Tuesday, May 24, 2011

From MARC to Principled Metadata

Library of Congress has announced its intention to "review the bibliographic framework to better accommodate future needs." The translation of this into plain English is that they are (finally!) thinking about replacing the MARC format with something more modern. This is obviously something that desperately needs to be done.

I want to encourage LC and the entire library community to build its future bibliographic data on solid principles. Among these principles would be:

  • Use data, not text. Wherever possible, the stuff of bibliographic description should be computable data, not human-interpretable text. Any part of your metadata that cannot be used in machine algorithms is of limited utility in user services.
  • Give your things identifiers, not language tags. Identification allows you to share meaning without language barriers. Anything that has been identified can be displayed in language terms to users in any language of your (or the user's) choice.
  • Adopt mainstream metadata standards. This is not only for the data formats but also in terms of the data itself. If other metadata creators are using a particular standard language list or geographic names, use those same terms. If there are metadata elements for common things like colors or sizes or places or [whatever], use those. Work with international communities to extend metadata if necessary, but do not create library-specific versions.

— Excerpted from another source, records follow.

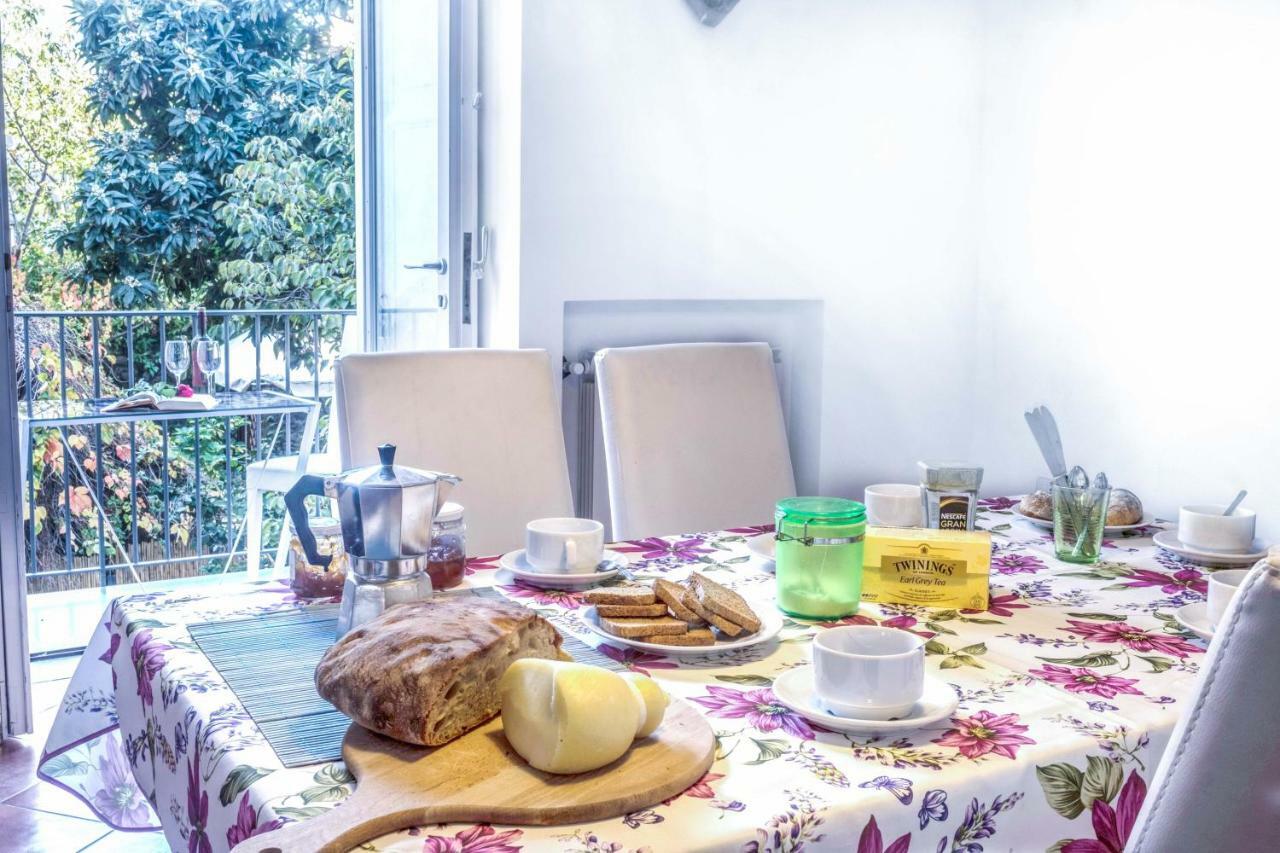 Amore Rentals - Maison Palazzo Correale ซอร์เรนโต ภายนอก รูปภาพ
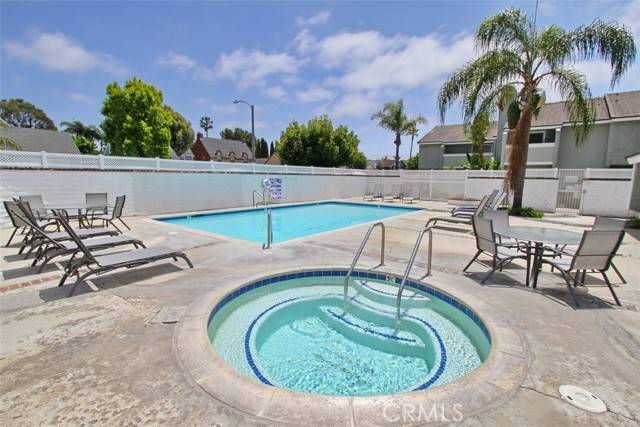 Huntington Beach, CA 92646,18785 Heavenwood #C171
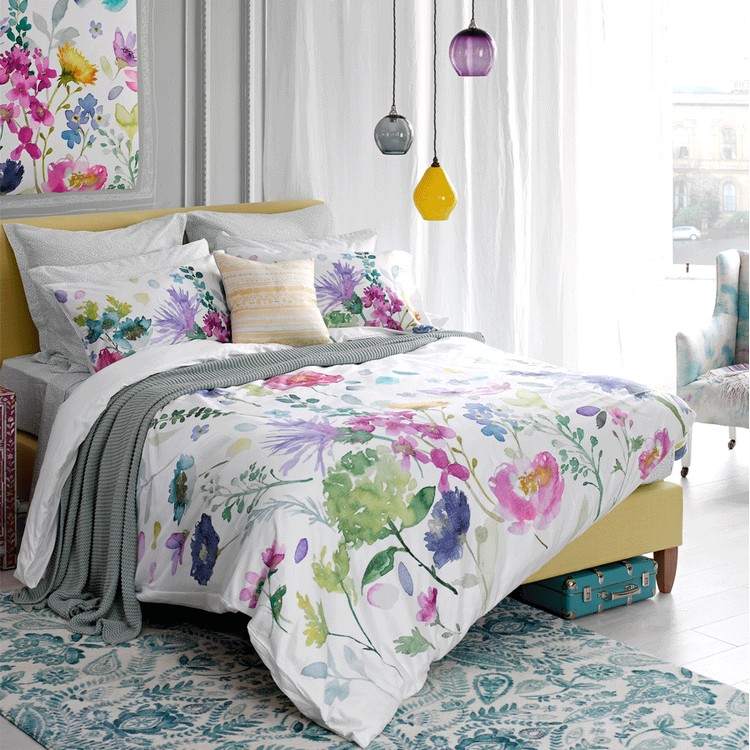 vår-hus-ta-dekoration-sovrum-sänglinne-blommor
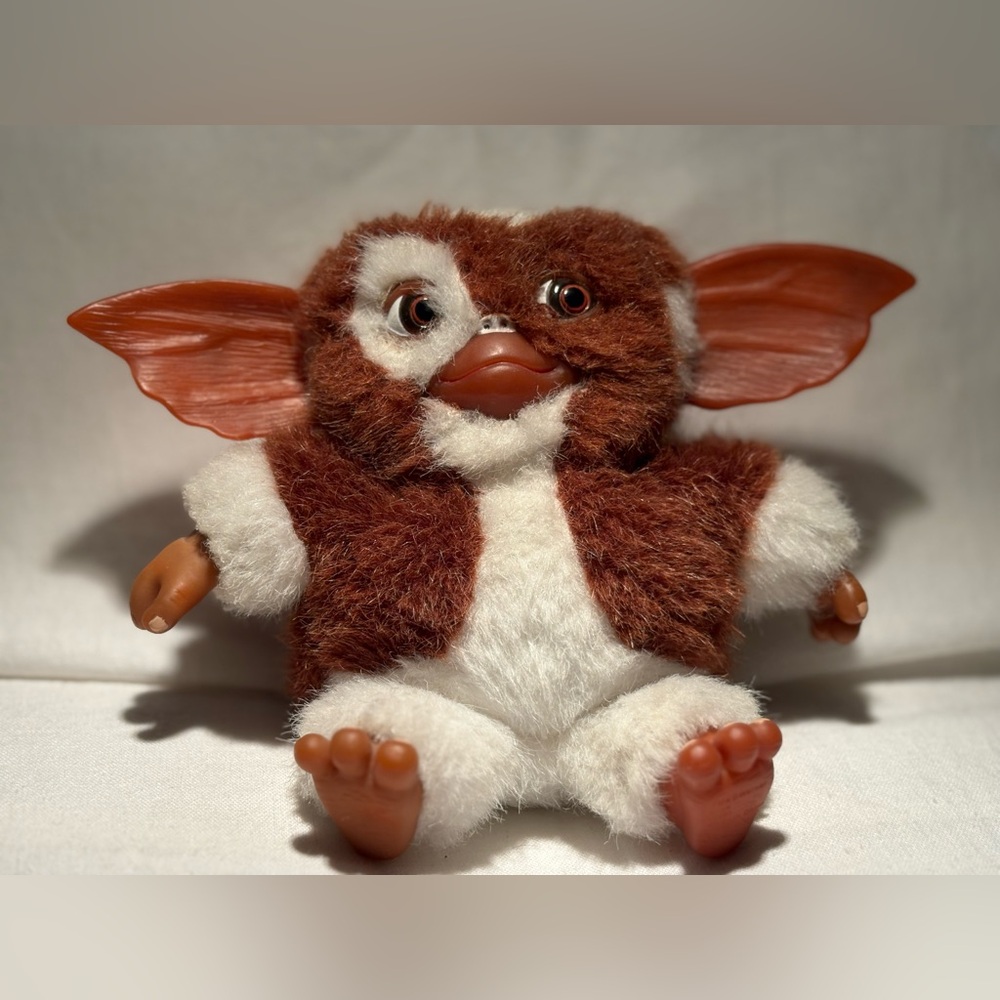 Neca Gremlins Gizmo Plush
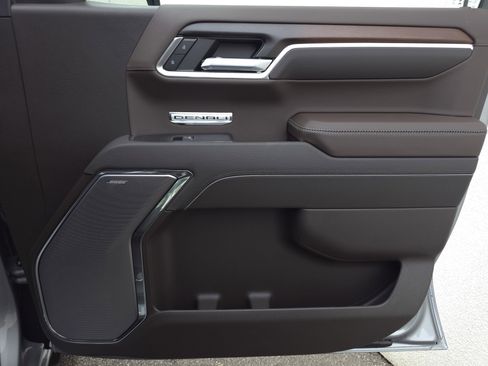 New 2026 GMC Sierra 1500 Denali w/ Denali Reserve Package image 44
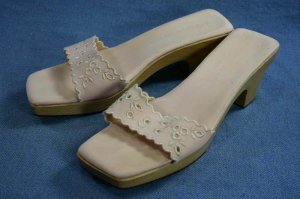 RICHARD TYLER PINK WOOD SOLE SLIDE SANDALS 9 B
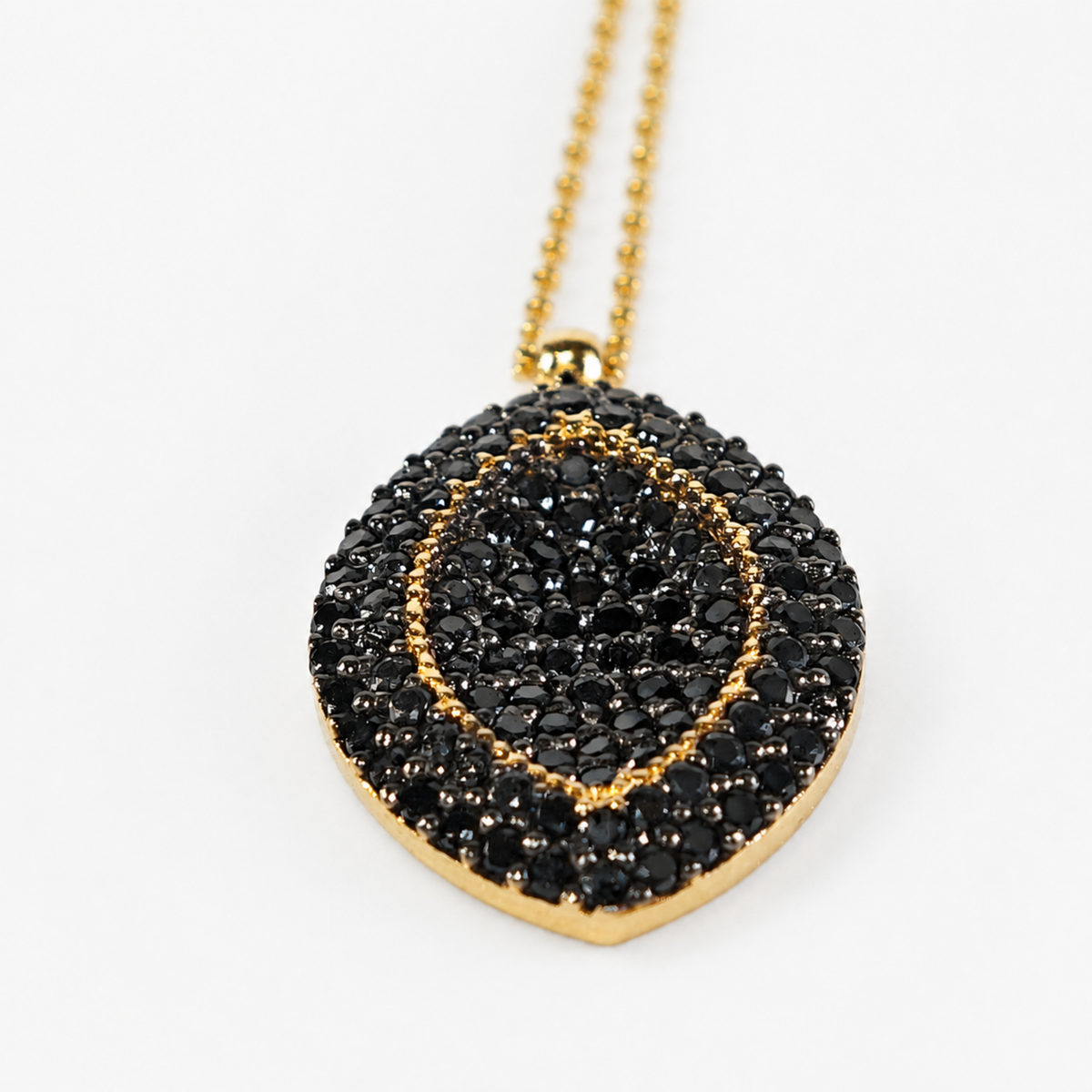 EYSSEA Onxia kolyenin siyah zirkon taşlı Gold pendant ve taş detaylarının yakın plan görünümü ikinci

There is much more to be said, and fortunately a great deal of it is being included in the report of the W3C Incubator Group on Library Linked Data. Although still in draft form you can see the current state of that group's recommendations, many of which address the transition that LC appears to be about to embark on. A version of the report for comments will be available later this summer.

The existence of this W3C group, however, is the proof of something very important that the Library of Congress must embrace: that bibliographic data is not solely of interest to libraries, and the future of library data should not be created as a library standard but as an information standard. This means that its development must include collaboration with the broader information community, and that collaboration will only be successful if libraries are willing to compromise in order to be part of the greater info-sphere. That's the biggest challenge we face.